__DATA SEGMENT__:
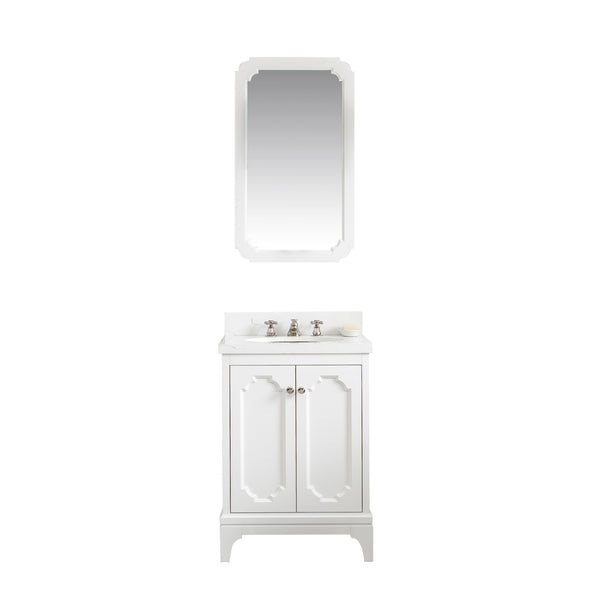 QUEEN 24W x 34H Pure White Single-Sink Vanity with Carrara Quartz Countertop + Faucets & Mirror (F2-0009)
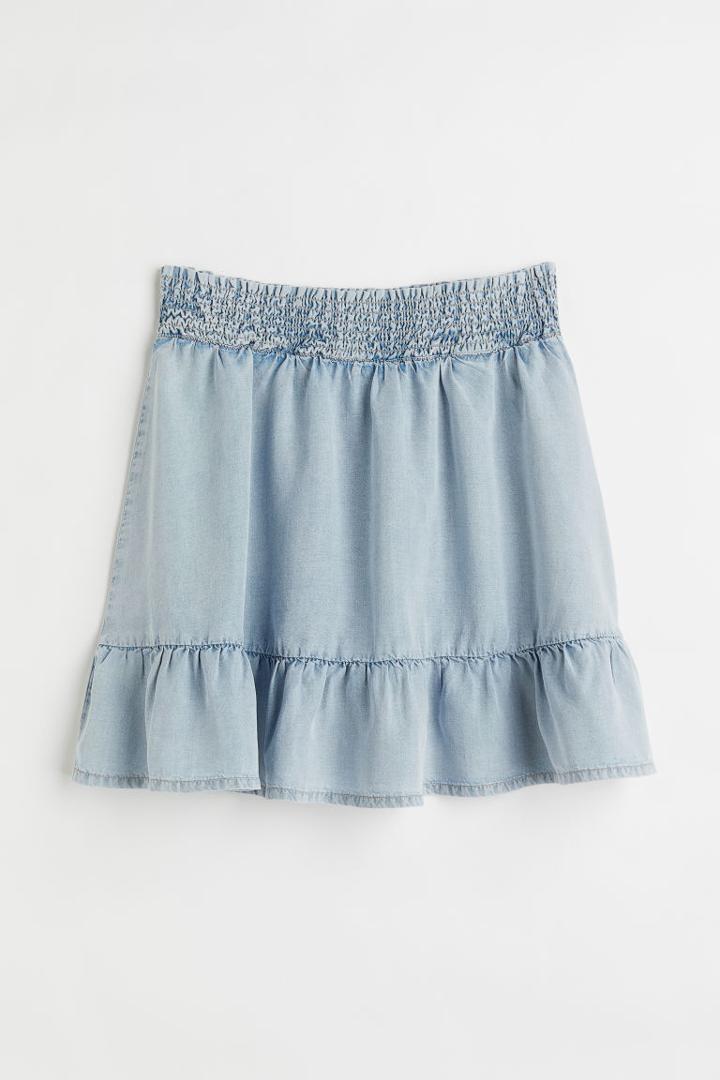 H & M - Smocked-waist Skirt - Blue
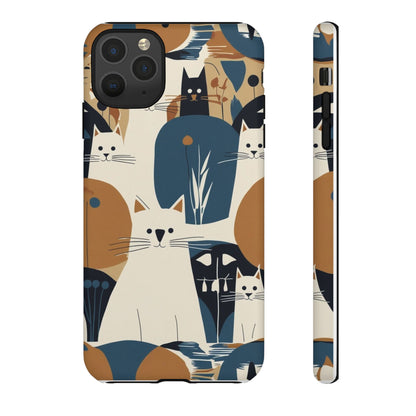 Cat Pattern Phone Case – Retro Abstract Cats Protective iPhone Cover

__EXERCISE BRIEF__: The answer should consist only of the lines from the line with "H & M - Smocked-waist Skirt - Blue" through the last line of the data, repeated exactly; pictures stay out.

__REPLY__:
 H & M - Smocked-waist Skirt - Blue
 Cat Pattern Phone Case – Retro Abstract Cats Protective iPhone Cover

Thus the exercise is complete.